Photo by Bruno Nascimento on Unsplash

Standing among people at a local parkrun I looked at the huddle around the week’s leader. There were the tall’s, the short’s, the women with prams, the grey-haired, the no-haired, the dog owners. And I began to think there must be more to this than just fitness.


Still, it was a warm mid-summer’s day and we were far from the noise and fumes of nearby traffic, there are worse places to be. Parkruns are fantastic events, just long enough to stretch you without competing with the other parts of the day.

If you could see my efforts you might think run might be overstretching the definition of the word, but hey…we’re off.

If ever you do any running you know that burning feeling when a part of your body starts complaining. Maybe it’s the knees, hips or lungs. Maybe all at the same time. Then it builds and builds to the point when your body screams. Stop!

How do you keep going? One of the oldest tricks in the book is to distract yourself. Forget the gurus of the sport who say-embrace the pain. Go through the barrier, the mind is stronger than you think they say.

My strategy was to pick someone who was moving a little faster than me and just hangs on to them.
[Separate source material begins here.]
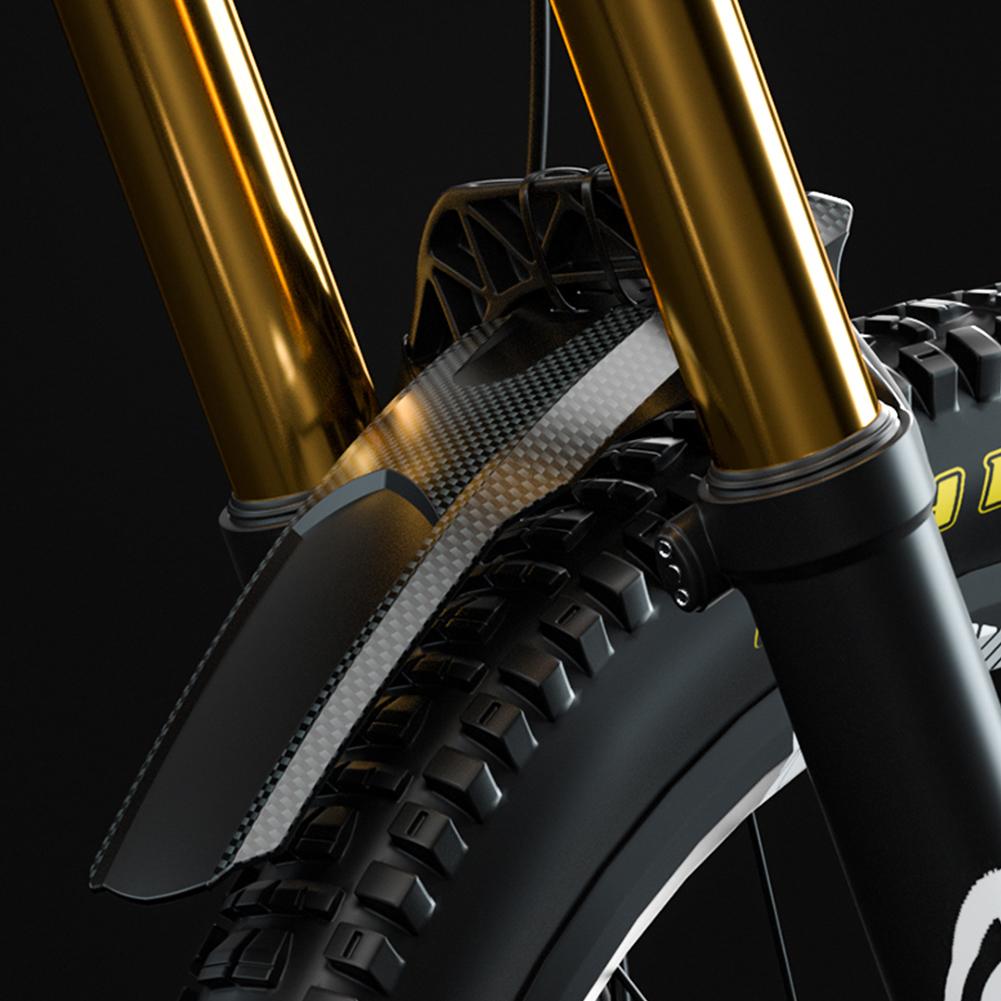Set Fender Universal Sepeda MT - Fender Mudguard Set ulasan dan harga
The old pacemaker trick. Focus on the back of their head the Youtuber said, get your rhythm in time with theirs and you’re cool.

So that morning I picked a young lady whose T-shirt had 100 across the back. This meant she had completed 100 of these events vs my 3. But no problem we’ll see how it goes. A little bit of optimism on a Saturday morning can’t be a bad thing.
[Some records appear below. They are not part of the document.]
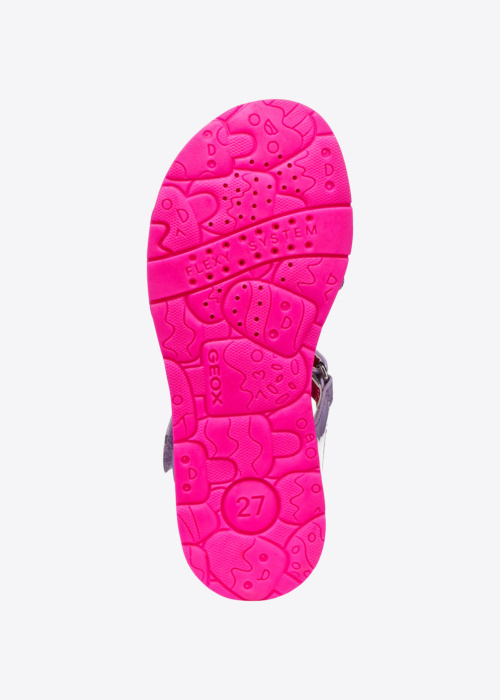 Туфли Joyfoot Geox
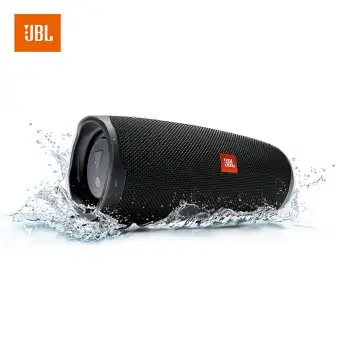 lazada jbl charge 4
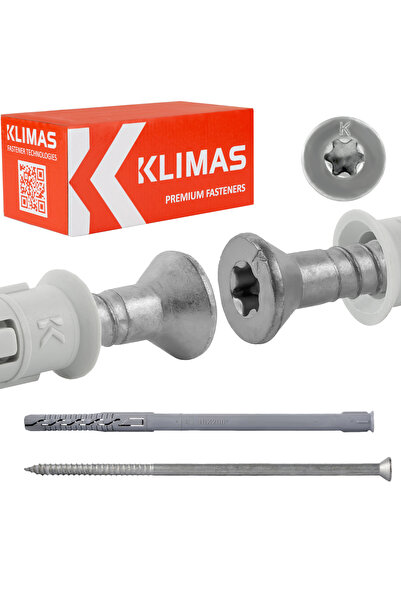 Inna marka Dopuri de expansiune pentru cadru S KPS-FAST-10200S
She was moving slow enough to start with but I was waiting on the burst of speed that meant I’d have to find another person’s back-of-the-head to focus on. Two kilometres into the run and I could still see the back of her head as the crowd thinned out. I must be getting faster. I was amazed.

I was amazed that we were doing at the same pace. I was even more amazed by the words that came out of her mouth as she went past the volunteer stewards. ‘Thanks for your encouragement’ she said as they clapped us round. ‘Thanks for your support. Thank you.’

Once is a fluke, twice a double fluke. But every time we went past a steward it was the same. A big smile and a wave with a thank you sandwiched between them.

I thought the stewards were there to encourage the runners. And they did with shouts of well done, keep going, halfway now, or almost there. Followed by a clapping of hands. But to see this little figure with a big 100 on her T-shirt and a bigger heart than radiated gratitude towards others was an eye-opener. Suddenly it wasn’t about her as a pacemaker but seeing her as a larger, longer-lasting source of inspiration.

At the halfway mark she pointed her smile towards me as I caught up and ran alongside for a minute. ‘I think we’ve been here before she said. In an attempt at the polite conversation, I answered with “You must be nearing your 120th parkrun”. It was like trying to guess somebody’s age and trying not to offend but at the same time being very nosey.
‘I’ve got 3 more runs to get to 150′ came the reply. Wow!

So, doing the maths meant that this person has been doing park run for at least 5 years minus of course the Covid gap. Only later Suki as she was called, told me about still running in lockdown. That regular habit takes some doing.
At the other end of the finish line I caught up with her again (of course she left me behind and finished ahead of me) and I asked her why she kept turning up for the Saturday morning jaunt given that there must be other things she could be doing.

Suki told me a story of once running in Paris some years before. It was a winter’s day. When icicles and frozen rain hung on her skin like jewellery. The opposite is extreme to this day. On that day she wasn’t sure of being able to finish. She was the last to cross the line by a long way, but as she turned the corner there erupted a cheer from the crowd of fellow runners. People, some of whom had finished much earlier before. People who stood shivering and risking hypothermia to ensure that the slowest and the last felt appreciated and valued. ‘Not many places where people treat you like that.’

That’s why she kept turning up week after week. It may have started with a desire to improve something personal: mental or physical health. But it turned into something more. Saturday mornings were more about being an encouragement to people like me and spreading genuine gratitude to the people who volunteered to make such events possible.

When I saw my scorecard later that morning I saw Suki’s name in front of mine and next to it were the letters PB-personal best. That day is a constant reminder that PB is not a measure of your finish time but being your best person for a given space and place. When you do so consistently then you go beyond fitness. It is more than fitness.